[Web page caption snippets]
******

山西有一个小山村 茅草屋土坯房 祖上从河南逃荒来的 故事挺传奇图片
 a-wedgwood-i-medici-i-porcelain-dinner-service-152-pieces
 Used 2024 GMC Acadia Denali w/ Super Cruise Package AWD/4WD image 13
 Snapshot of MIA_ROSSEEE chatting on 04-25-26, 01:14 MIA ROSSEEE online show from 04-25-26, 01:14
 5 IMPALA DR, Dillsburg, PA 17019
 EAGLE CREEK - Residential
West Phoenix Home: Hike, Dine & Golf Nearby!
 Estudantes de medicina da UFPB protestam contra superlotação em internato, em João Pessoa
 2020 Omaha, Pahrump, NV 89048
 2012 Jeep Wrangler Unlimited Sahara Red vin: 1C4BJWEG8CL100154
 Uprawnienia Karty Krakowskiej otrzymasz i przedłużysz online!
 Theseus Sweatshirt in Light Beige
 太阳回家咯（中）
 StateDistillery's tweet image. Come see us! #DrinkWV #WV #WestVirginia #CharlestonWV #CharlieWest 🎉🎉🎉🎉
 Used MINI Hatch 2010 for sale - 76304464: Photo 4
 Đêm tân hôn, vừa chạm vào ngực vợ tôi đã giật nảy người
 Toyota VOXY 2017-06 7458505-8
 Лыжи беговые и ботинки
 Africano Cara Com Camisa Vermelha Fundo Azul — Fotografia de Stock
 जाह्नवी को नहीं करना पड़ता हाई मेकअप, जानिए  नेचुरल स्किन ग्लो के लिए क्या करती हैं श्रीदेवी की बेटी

******

What the exercise asks: Only the lines above from the one with "Uprawnienia Karty Krakowskiej" through the one with "Africano Cara Com" should be duplicated, character for character.

Output for this task:
 Uprawnienia Karty Krakowskiej otrzymasz i przedłużysz online!
 Theseus Sweatshirt in Light Beige
 太阳回家咯（中）
 StateDistillery's tweet image. Come see us! #DrinkWV #WV #WestVirginia #CharlestonWV #CharlieWest 🎉🎉🎉🎉
 Used MINI Hatch 2010 for sale - 76304464: Photo 4
 Đêm tân hôn, vừa chạm vào ngực vợ tôi đã giật nảy người
 Toyota VOXY 2017-06 7458505-8
 Лыжи беговые и ботинки
 Africano Cara Com Camisa Vermelha Fundo Azul — Fotografia de Stock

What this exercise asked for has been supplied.